Bunch, Ted E.; LeCompte, Malcolm A.; Adedeji, A. Victor; Wittke, James H.; Burleigh, T. David; Hermes, Robert E.; Mooney, Charles; Batchelor, Dale; Wolbach, Wendy S.; Kathan, Joel; Kletetschka, Gunther; Patterson, Mark C. L.; Swindel, Edward C.; Witwer, Timothy; Howard, George A.; Mitra, Siddhartha; Moore, Christopher R.; Langworthy, Kurt; Kennett, James P.; West, Allen; Silvia, Phillip J.
A Tunguska sized airburst destroyed Tall el-Hammam a Middle Bronze Age city in the Jordan Valley near the Dead Sea
Scientific Reports 11, 18632 (2021). DOI: 10.1038/s41598-021-97778-3
Copyright: © 2021 The authors. Published by Springer Nature Ltd.
Open access
Reprinted under a Creative Commons Attribution 4.0 International license (CC BY 4.0)
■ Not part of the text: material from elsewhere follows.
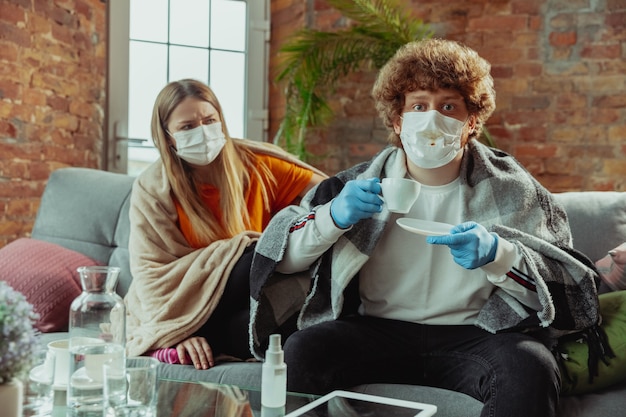 Photo woman and man, couple in protective masks and gloves isolated at home with coronavirus respiratory symptoms such as fever, headache, cough. healthcare, medicine, quarantine, treatment concept.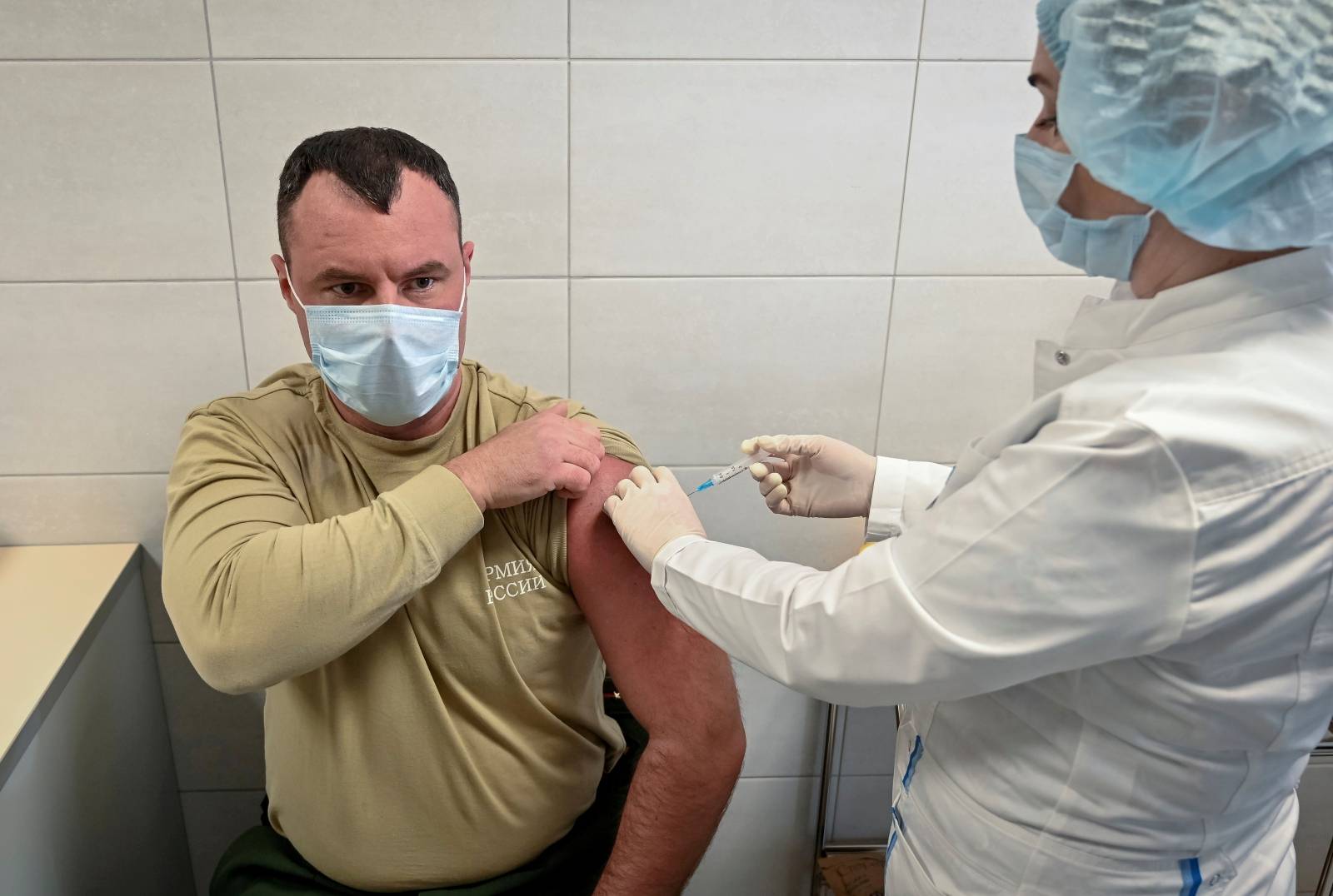 FILE PHOTO: A Russian Army service member receives an injection with Sputnik V (Gam-COVID-Vac) vaccine against the coronavirus disease (COVID-19) at a clinic in the city of Rostov-On-Don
Not a metaphor, allegory, parable or morality tale, or whatever else apologists call the stories when science shows they have no basis in reality, but deliberate distortions of the truth for political ends and to excuse the inexcusable.
And, if the events in the Bible were not based on folk memories of this catastrophe, then the writers failed to mention one of the most significant disasters to befall the area, either because they didn't understand it's impact on the area and its history, or because they were completely unaware of it. Certainly there is nothing resembling the sudden, violent destruction of a major city and thousands of inhabitants coming without warning, followed by the ruination of a once fertile valley and its subsequent depopulation, unless it is faintly echoed in the tales of Sodom and Gomorrah and the conquest and sack of Jericho.
So much for an accurate and complete history!